REQUIREMENT
All that is needed is the run of lines from the top of the entries to the line with "Large grey wool-look", that line included, repeated exactly and free of pictures.
◆ ◆ ◆ ◆
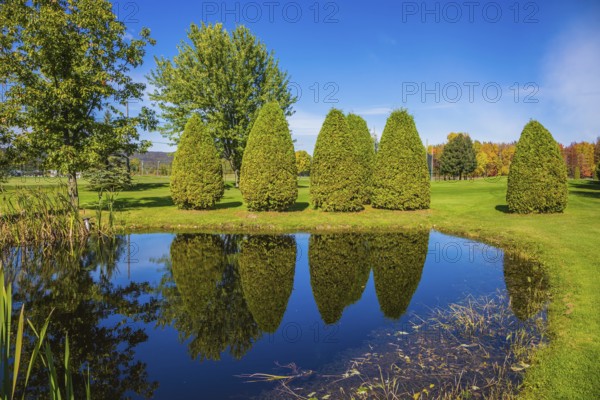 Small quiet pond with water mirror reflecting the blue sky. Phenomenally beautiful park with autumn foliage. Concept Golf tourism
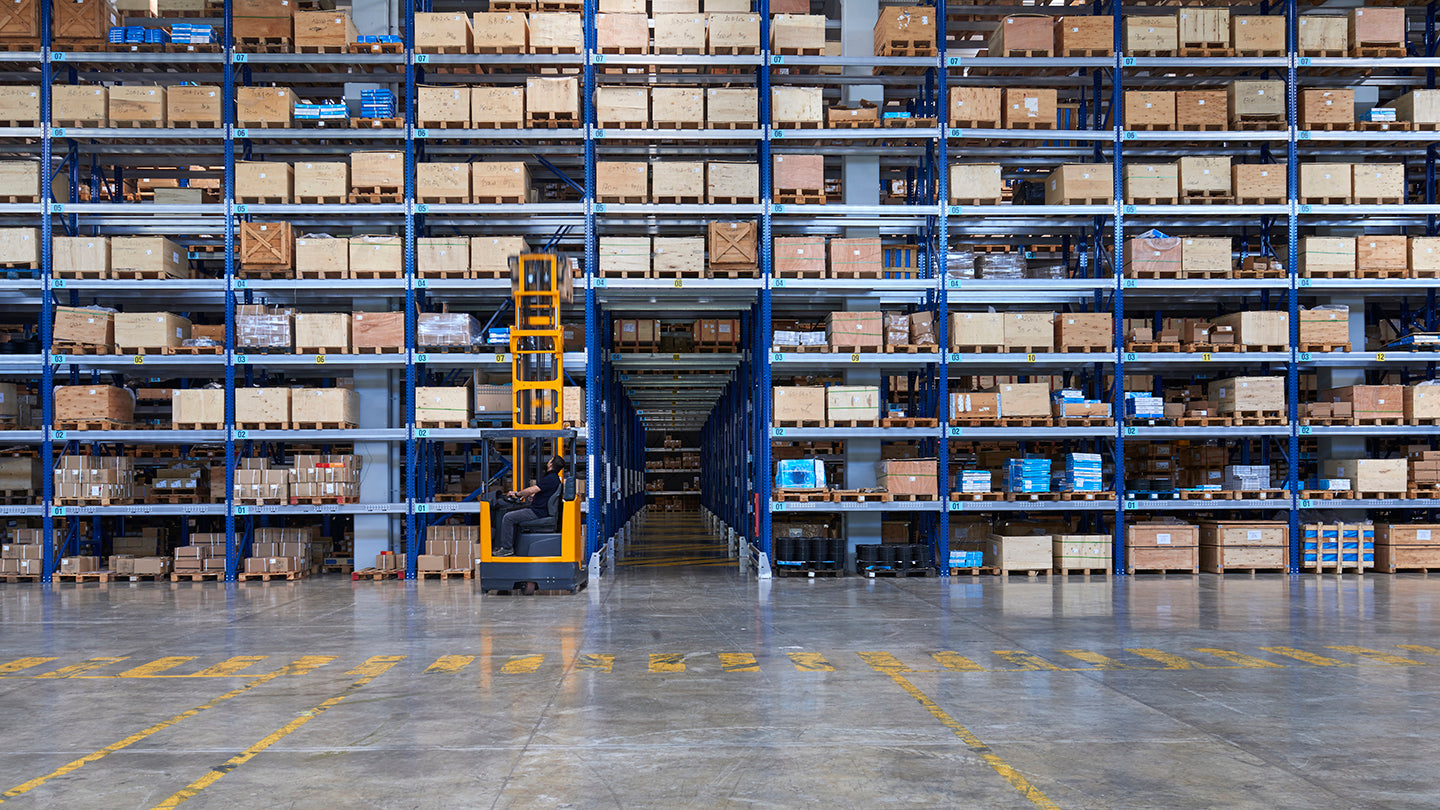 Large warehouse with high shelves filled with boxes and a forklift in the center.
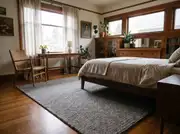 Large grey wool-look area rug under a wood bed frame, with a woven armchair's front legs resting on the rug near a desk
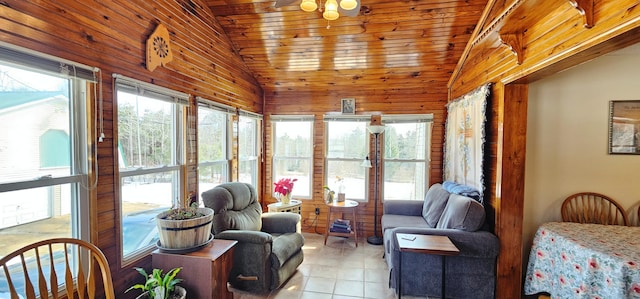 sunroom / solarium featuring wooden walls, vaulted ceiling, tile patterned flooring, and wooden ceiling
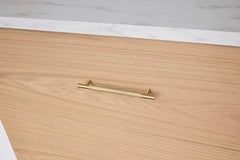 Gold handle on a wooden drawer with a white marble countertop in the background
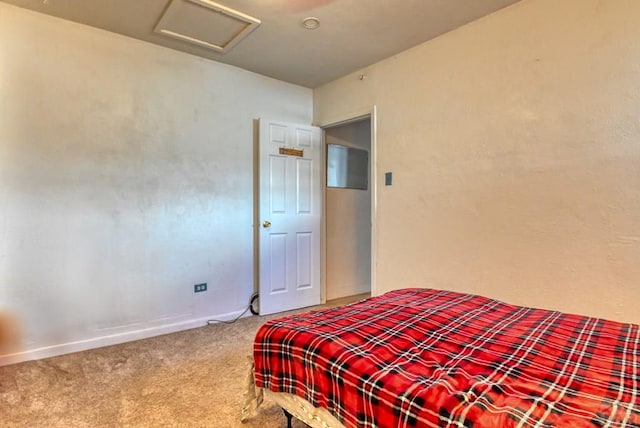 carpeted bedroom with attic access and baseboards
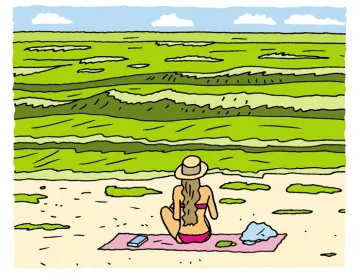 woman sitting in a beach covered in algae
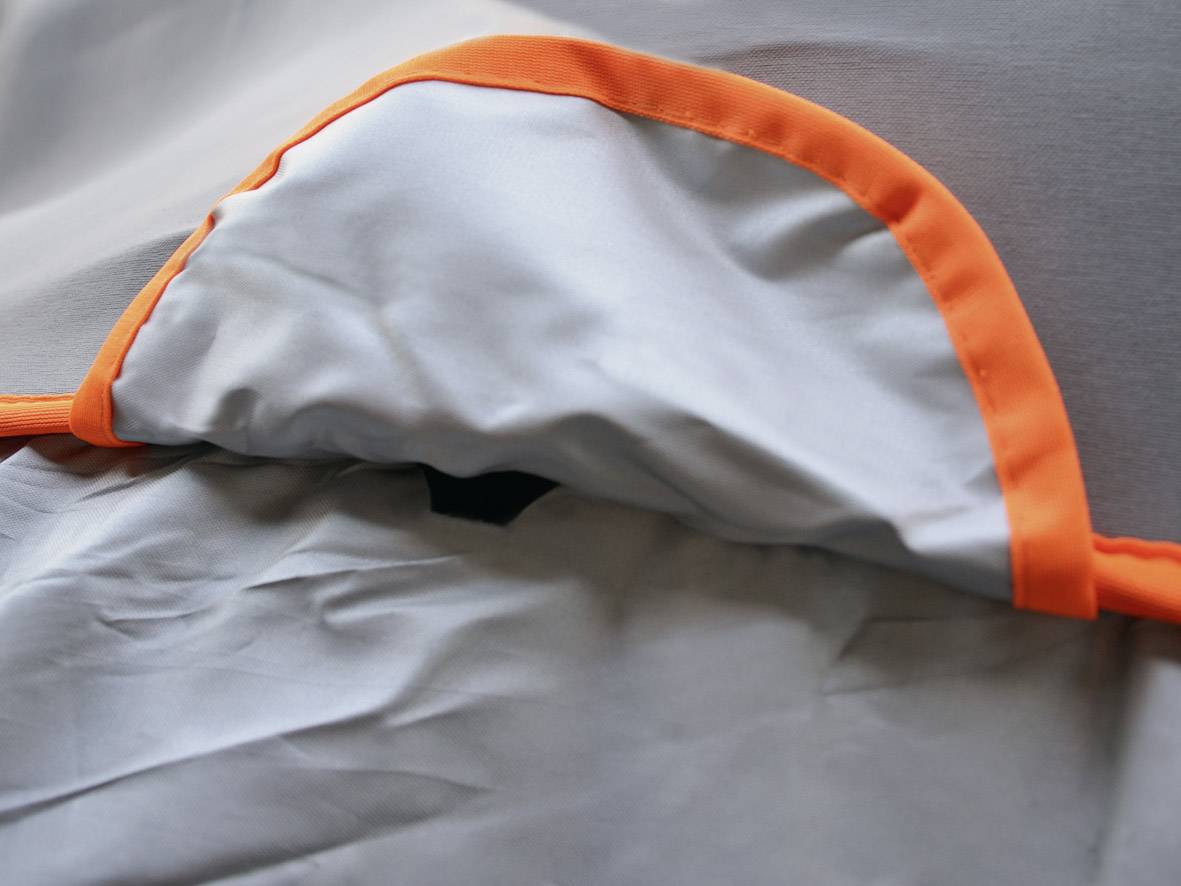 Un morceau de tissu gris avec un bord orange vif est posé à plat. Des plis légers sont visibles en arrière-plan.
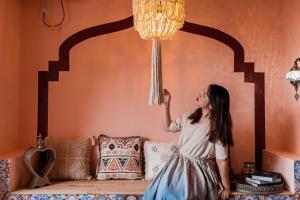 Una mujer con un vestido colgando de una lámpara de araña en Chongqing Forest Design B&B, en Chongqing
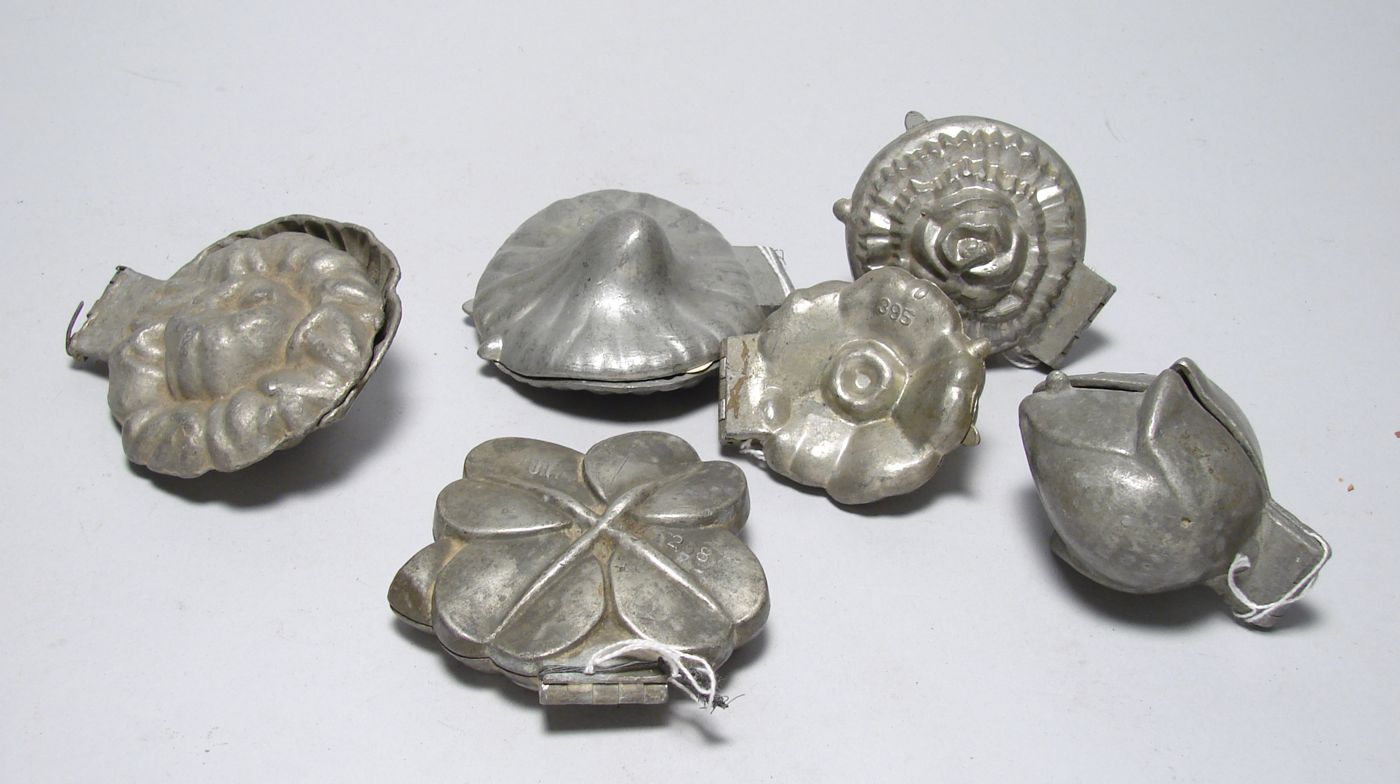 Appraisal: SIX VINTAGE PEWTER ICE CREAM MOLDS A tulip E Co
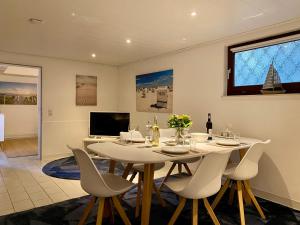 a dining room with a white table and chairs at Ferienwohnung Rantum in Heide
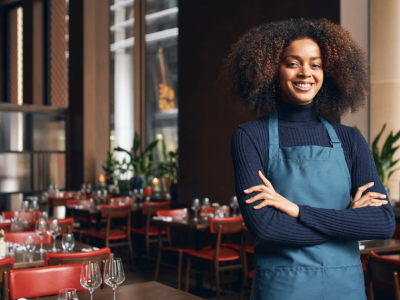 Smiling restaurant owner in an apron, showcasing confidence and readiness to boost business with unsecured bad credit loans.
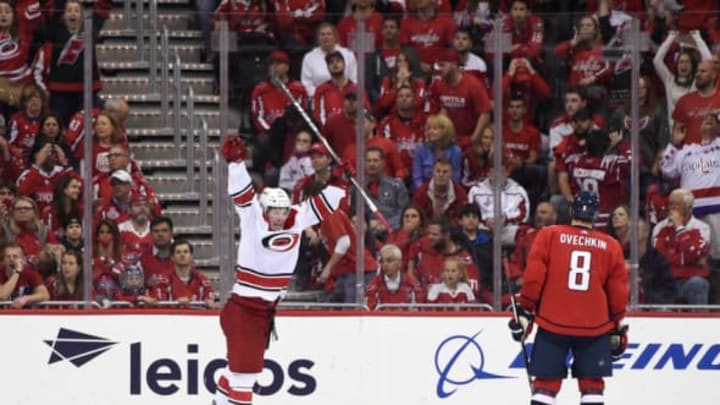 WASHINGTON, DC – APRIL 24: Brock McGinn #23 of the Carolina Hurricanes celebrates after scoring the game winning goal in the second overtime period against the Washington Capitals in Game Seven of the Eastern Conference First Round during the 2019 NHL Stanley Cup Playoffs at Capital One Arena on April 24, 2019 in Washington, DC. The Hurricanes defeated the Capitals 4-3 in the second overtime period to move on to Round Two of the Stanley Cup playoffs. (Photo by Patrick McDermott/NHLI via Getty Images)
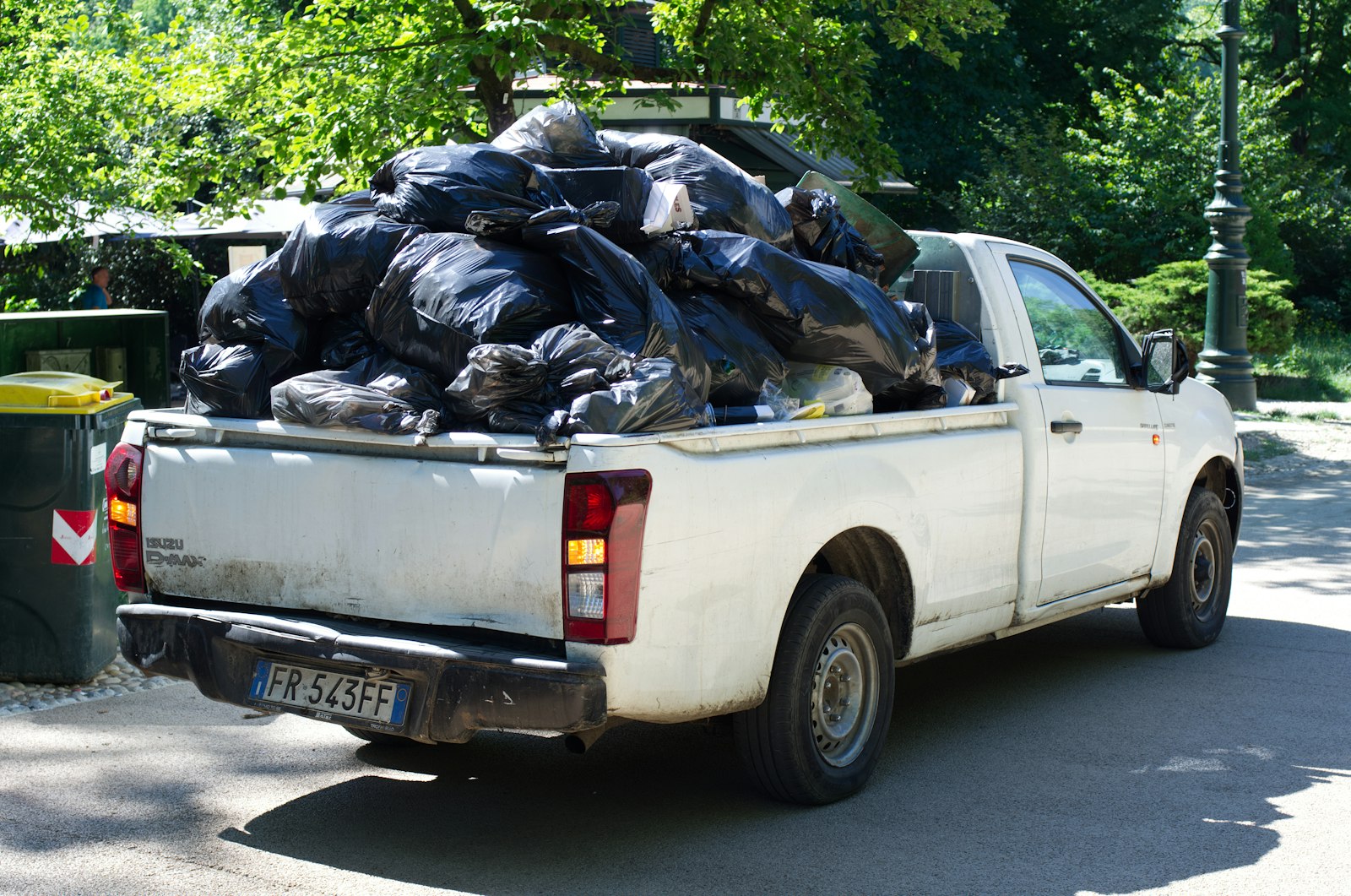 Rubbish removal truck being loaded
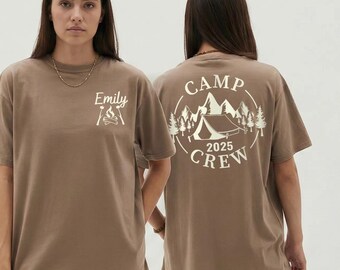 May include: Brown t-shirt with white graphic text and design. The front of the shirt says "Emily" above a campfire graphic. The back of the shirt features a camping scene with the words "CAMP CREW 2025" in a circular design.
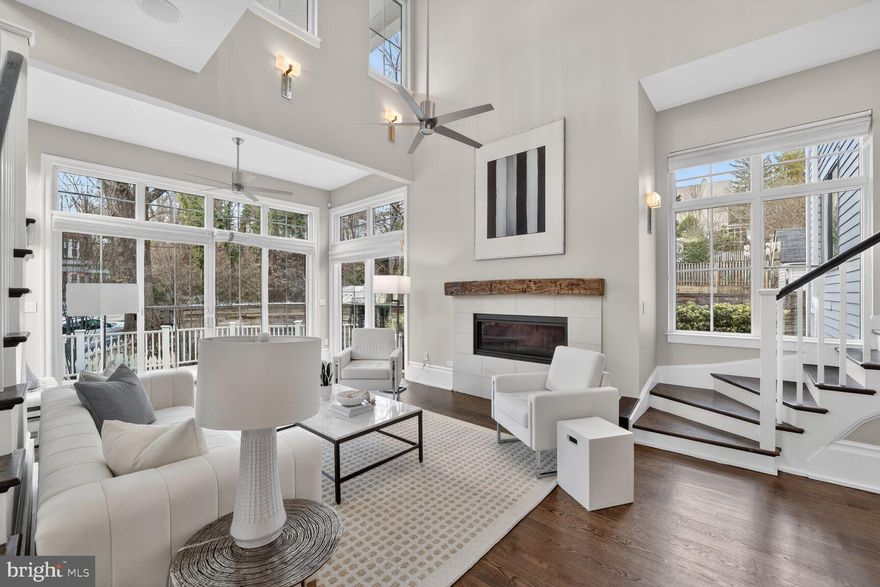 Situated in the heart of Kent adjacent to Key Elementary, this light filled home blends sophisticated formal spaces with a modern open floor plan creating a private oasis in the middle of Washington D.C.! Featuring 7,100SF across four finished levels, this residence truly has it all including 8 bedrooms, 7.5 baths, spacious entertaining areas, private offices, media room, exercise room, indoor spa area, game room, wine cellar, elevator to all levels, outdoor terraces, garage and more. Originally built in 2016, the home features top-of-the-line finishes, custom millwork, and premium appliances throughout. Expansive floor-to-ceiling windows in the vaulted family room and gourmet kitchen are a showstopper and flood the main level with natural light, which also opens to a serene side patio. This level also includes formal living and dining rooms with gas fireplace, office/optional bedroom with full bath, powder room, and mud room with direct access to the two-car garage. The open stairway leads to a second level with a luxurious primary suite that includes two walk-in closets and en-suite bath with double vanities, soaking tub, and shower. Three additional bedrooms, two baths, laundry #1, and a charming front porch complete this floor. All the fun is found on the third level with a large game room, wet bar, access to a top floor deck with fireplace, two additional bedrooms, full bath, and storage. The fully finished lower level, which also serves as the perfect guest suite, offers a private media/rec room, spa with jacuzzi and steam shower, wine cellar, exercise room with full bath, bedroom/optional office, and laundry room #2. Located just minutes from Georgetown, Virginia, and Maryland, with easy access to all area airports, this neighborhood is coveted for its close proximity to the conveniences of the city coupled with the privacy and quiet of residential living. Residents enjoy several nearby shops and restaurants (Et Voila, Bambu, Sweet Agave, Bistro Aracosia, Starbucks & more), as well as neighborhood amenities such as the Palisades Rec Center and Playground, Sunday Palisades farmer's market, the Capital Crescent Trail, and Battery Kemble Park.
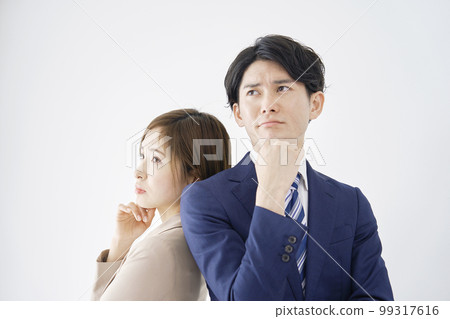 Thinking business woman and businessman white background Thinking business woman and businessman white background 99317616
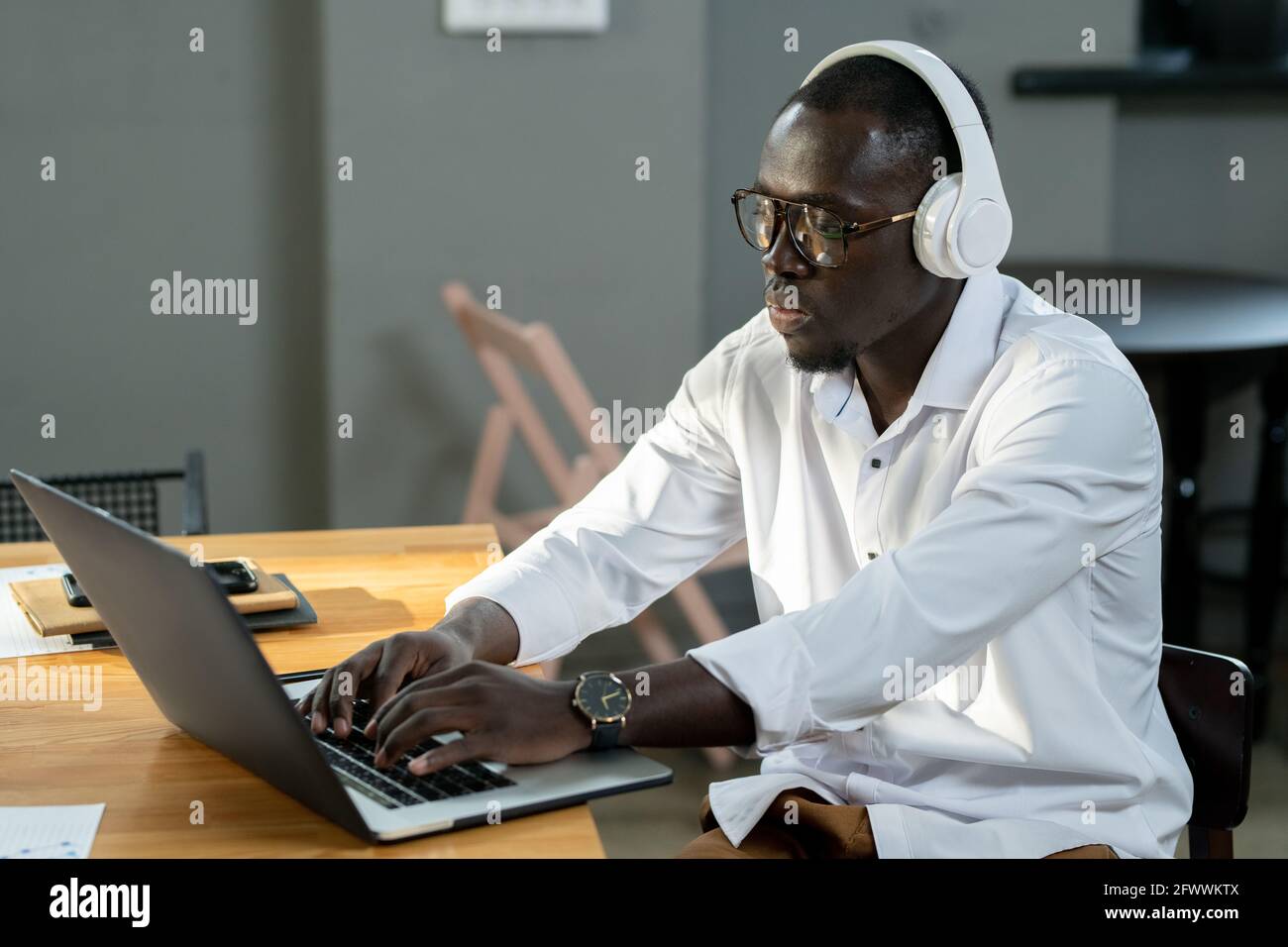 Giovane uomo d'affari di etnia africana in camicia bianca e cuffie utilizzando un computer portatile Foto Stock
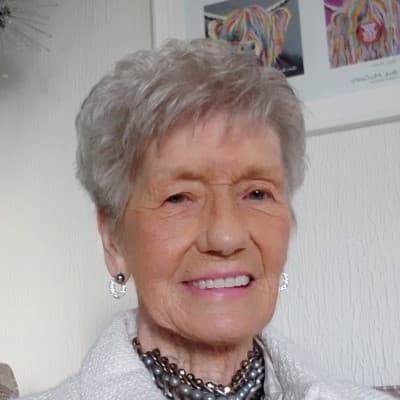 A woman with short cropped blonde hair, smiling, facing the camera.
◆ ◆ ◆ ◆
RESULT BELOW
 Small quiet pond with water mirror reflecting the blue sky. Phenomenally beautiful park with autumn foliage. Concept Golf tourism
 Large warehouse with high shelves filled with boxes and a forklift in the center.
 Large grey wool-look area rug under a wood bed frame, with a woven armchair's front legs resting on the rug near a desk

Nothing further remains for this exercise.